President Barack Obama met today with Ukraine’s new President, Viktor Yanukovych, who’s in Washington for the Nuclear Security Summit. In theory, this should have been a disaster: over the years the United States has devoted a lot of time and diplomatic capital to keeping the pro-Russian Yanukovych out of power… This doesn’t seem like a natural friend for Obama.

And yet all of this suits the American president quite well. For Obama, Yanukovych’s move back to Russia’s orbit makes life much easier. NATO membership for Ukraine was a major irritant in Washington-Moscow relations for years. Now, Obama has made a point of “resetting” relations with Moscow, and to do that he needs to remove as many spanners from the diplomatic works as possible. One such obstacle was overcome last week when Russian President Dmitry Medvedev sat down with Obama in Prague Castle to sign a new nuclear arms-reduction treaty, in an atmosphere as constructive and friendly as there has been between the two countries’ leaders in a decade.

But there are other examples of hurdle-clearing, too: Washington scrapped plans to station antiballistic-missile interceptors in Poland and the Czech Republic; instead, it will station them in Southern Europe, where they won’t interfere with Russia’s nuclear capabilities. The most important, though, is Obama’s very clear signal that he won’t push to include former Soviet republics like Ukraine and Georgia into NATO and a Western embrace, as Bush had done. A cold rapport with Yanukovych will allow Obama to cultivate a warm one with Russia’s Dmitry Medvedev.


The wedge the Russians are using is access to cheap natural gas. Ukraine desperately needs the natural gas and, like the rest of Europe, has economic difficulties. Last month, Russia made an offer, as Don Corleone would say, that they couldn’t refuse:

Russia’s deputy prime minister, Arkady Dvorkovich, told in international conference in the Ukrainian Black Sea city of Yalta that Ukraine may expect a discount only if it joins a Russia-dominated economic alliance. Ukraine has resisted such Russian overtures, fearing that membership in the Moscow-led Customs Union would scuttle its hopes of closer ties with the EU.
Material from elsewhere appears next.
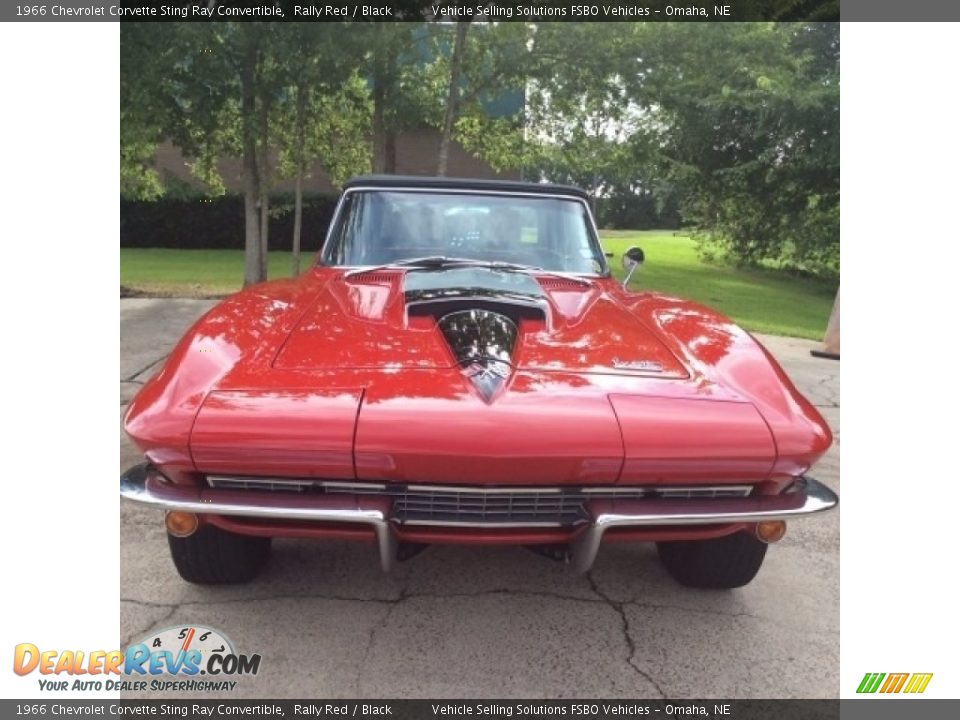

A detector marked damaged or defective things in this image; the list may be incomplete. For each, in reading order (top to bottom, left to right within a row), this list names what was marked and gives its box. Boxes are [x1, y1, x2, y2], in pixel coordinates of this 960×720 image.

crack in pavement [584, 572, 668, 696]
For the time being Ukraine has rebuffed what is essentially an ultimatum. History should not make us sanguine about the outcome. Each time Ukraine has entered into a conflict with Russia over natural gas it has emerged a little less independent.

This is the venue in which presidential leadership comes to the fore. Where Ukraine may be playing a very weak hand in its dealings with Russia, with a steadfast United States by its side the prognosis is much better. With the EU brought in, suddenly Russia is the weaker party. Leadership, however, is not something this White House has demonstrated. Neither has it demonstrated itself to have any clear set of policies in dealing with Vladimir Putin other than dropping trou on command.
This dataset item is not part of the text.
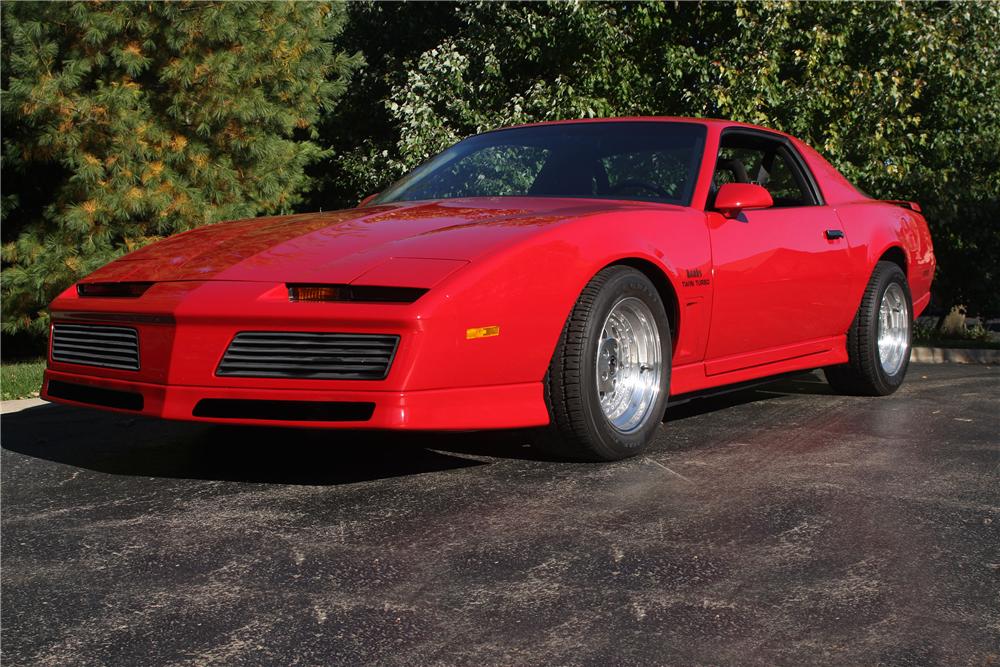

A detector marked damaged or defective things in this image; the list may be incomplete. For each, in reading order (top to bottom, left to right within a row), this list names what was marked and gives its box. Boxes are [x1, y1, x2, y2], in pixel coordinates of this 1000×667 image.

cracked asphalt [1, 366, 1000, 667]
Sadly, this is a pattern of behavior on the part of this regime. Our friend are nervous because they’ve seen how the rug was pulled out from under the Czech Republic and Poland based on the objectives of a strategic rival. They’ve seen how Hosni Mubarak was thrown under the bus and Egypt turned over the muslim extremists. They’ve watched Qaddafi’s brutal and unnecessary death and the turning over of Libya to muslim extremists. This is foreign policy by press release; a David Copperfield foreign policy where everything is an illusion.


If Mitt Romney is elected next month we may be able to staunch the hemorrhage. If Obama is re-elected it will take generations to bring us back to where we were in 2008.